Comedian Kathy Griffin called the late Charlie Kirk “a straight-up Nazi” on her podcast this week, reigniting controversy over public figures’ rhetoric about the conservative activist who was assassinated at Utah Valley University last September.
“I knew Charlie Kirk. I did a panel with him one time,” Ms. Griffin said on the Tuesday episode of her “Talk Your Head Off” podcast. “And, yeah, I said that, because that dude was a straight-up Nazi. And that is my opinion. But, you know, the way we’ve deified him is bizarre. I’ve never seen anything like it.”

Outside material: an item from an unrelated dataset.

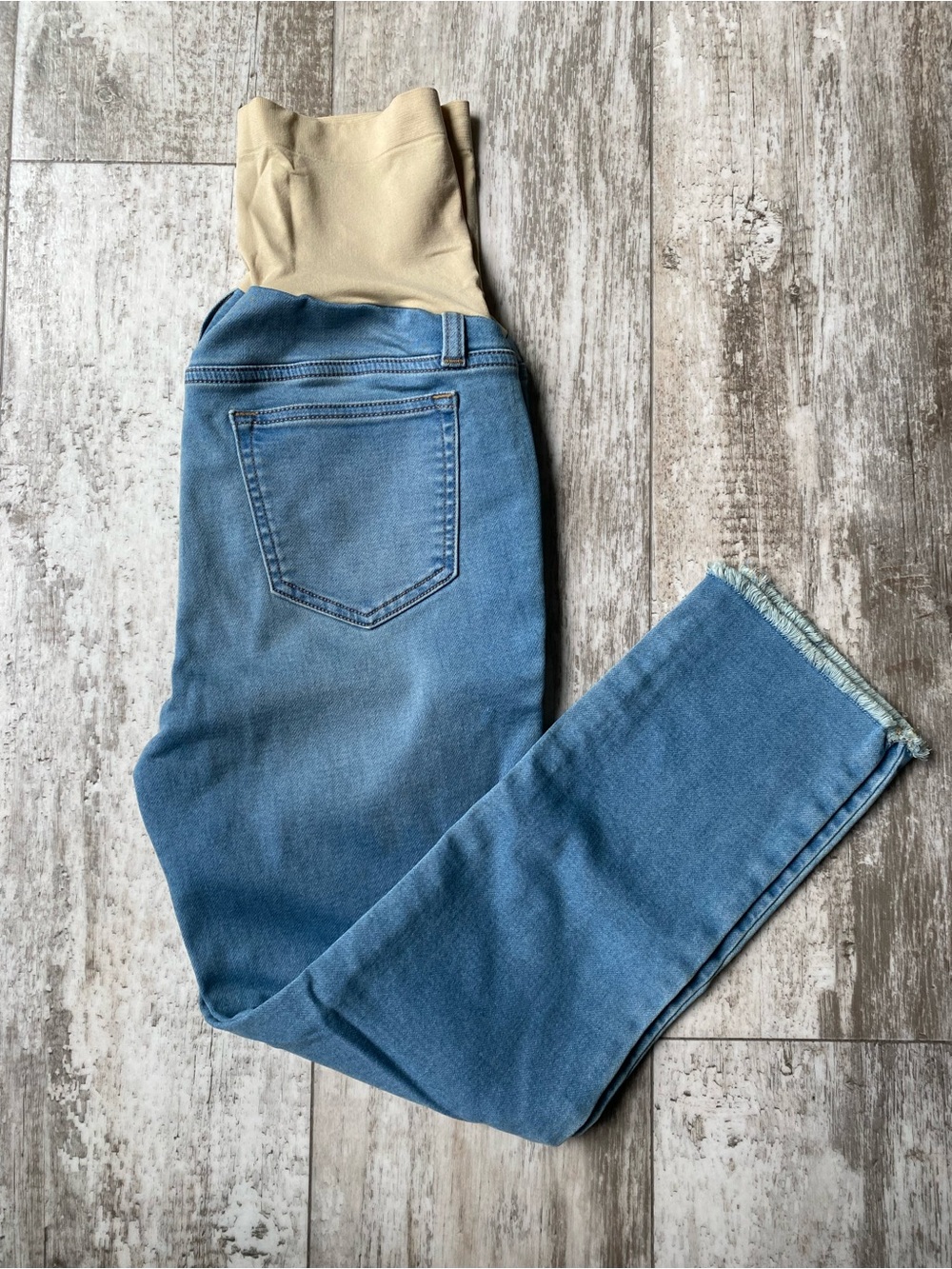 a:glow Cropped Maternity Jeans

Ms. Griffin, 65, also directed comments at Kirk’s widow, Erika Kirk, mocking a recent video the grieving widow had posted. “Wasn’t that Erika Kirk video weird? Her being not girly and looking like — I don’t even know what, like a sniper?” she said. “She looks like she’s going to an anti-ICE protest, which is something she would not do.”
Kirk, the Turning Point USA co-founder and close Trump ally, was shot and killed on Sept. 10, 2025, while speaking at an outdoor campus debate at Utah Valley University in Orem, Utah. He was 31. A suspect, Tyler James Robinson, surrendered to authorities the following day. Prosecutors charged Mr. Robinson with aggravated murder and announced they would seek the death penalty, alleging a politically motivated attack.

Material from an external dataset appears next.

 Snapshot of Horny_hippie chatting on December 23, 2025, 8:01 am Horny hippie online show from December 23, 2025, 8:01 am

Bullet casings recovered near the scene had phrases engraved on them, including a reference to an Italian anti-fascist song.
Ms. Griffin’s comments drew swift condemnation from conservative media outlets and came amid a broader national debate over speech and consequences that followed Kirk’s killing. NPR reported in February that a wave of lawsuits had been filed by people who say they were fired, investigated or in one case arrested over social media posts reacting to his death. Jessica Levinson, a professor at Loyola Law School in Los Angeles, told NPR the fallout echoed the cancel culture controversies of 2020, though she noted key legal differences arise when elected officials call for firings.
Ms. Griffin acknowledged having appeared alongside Kirk at a panel event in the past but said that history did not change her view of him.